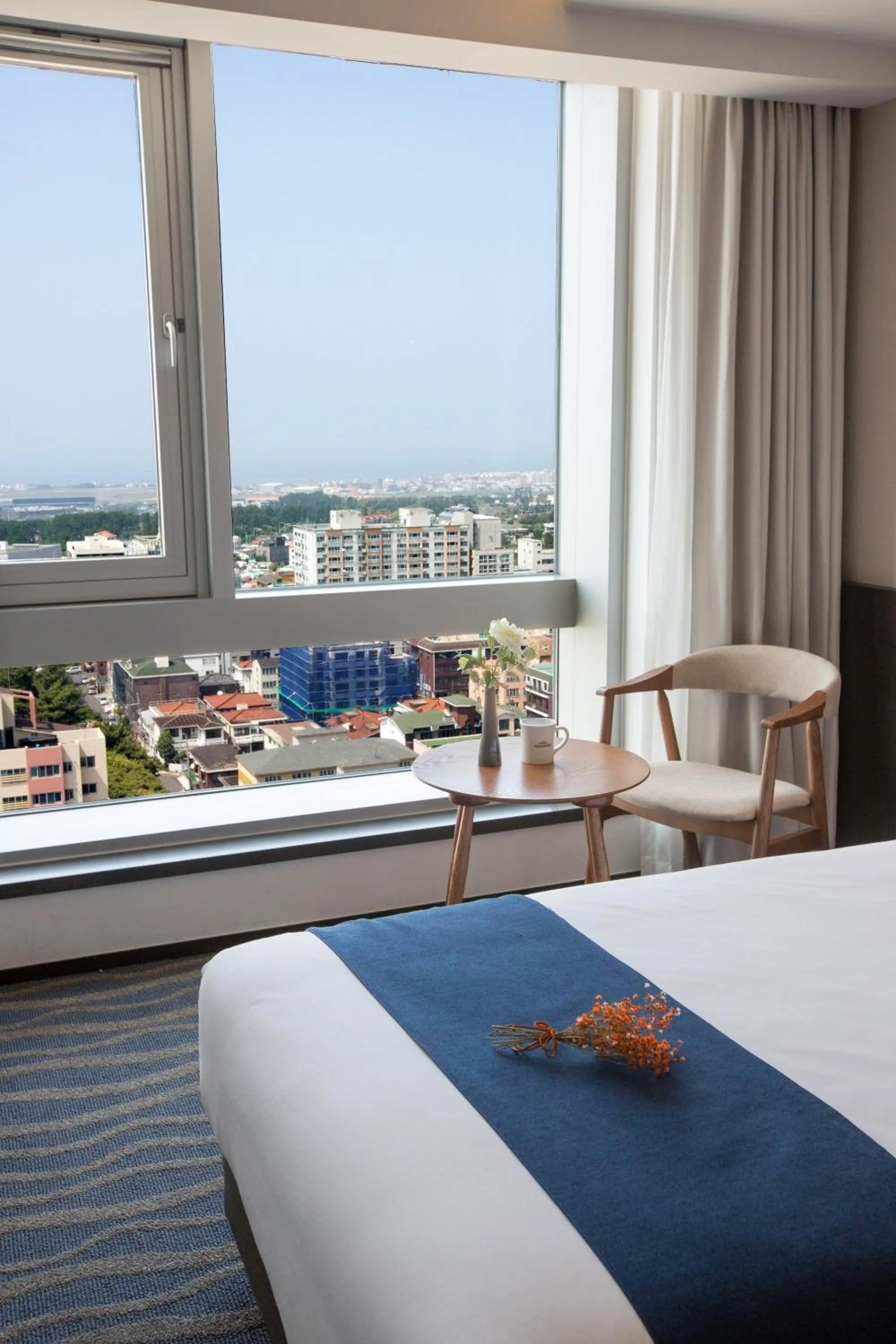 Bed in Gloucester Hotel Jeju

...

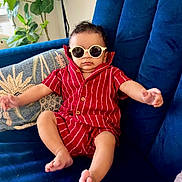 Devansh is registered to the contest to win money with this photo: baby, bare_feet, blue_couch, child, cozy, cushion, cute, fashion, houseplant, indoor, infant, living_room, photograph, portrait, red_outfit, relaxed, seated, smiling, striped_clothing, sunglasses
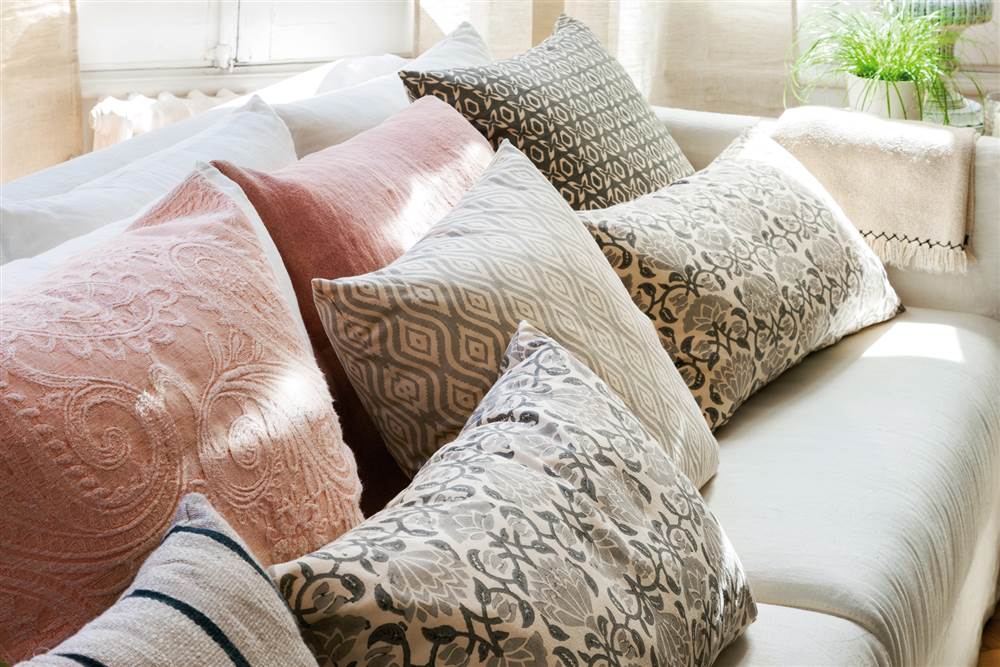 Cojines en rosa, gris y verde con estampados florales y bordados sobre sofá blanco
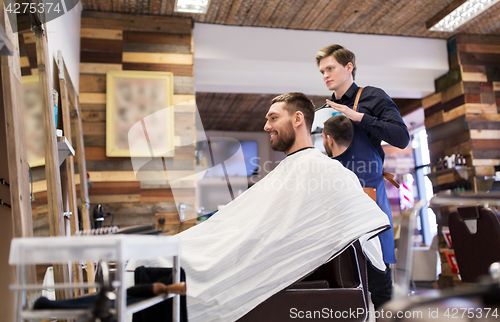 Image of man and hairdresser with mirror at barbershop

[Task objective]
Please transcribe exactly the part of the records that opens with the line containing "Devansh is registered" and closes with the line containing "Image of man", both ends included, and leave out the pictures.

[Completed task]
 Devansh is registered to the contest to win money with this photo: baby, bare_feet, blue_couch, child, cozy, cushion, cute, fashion, houseplant, indoor, infant, living_room, photograph, portrait, red_outfit, relaxed, seated, smiling, striped_clothing, sunglasses
 Cojines en rosa, gris y verde con estampados florales y bordados sobre sofá blanco
 Image of man and hairdresser with mirror at barbershop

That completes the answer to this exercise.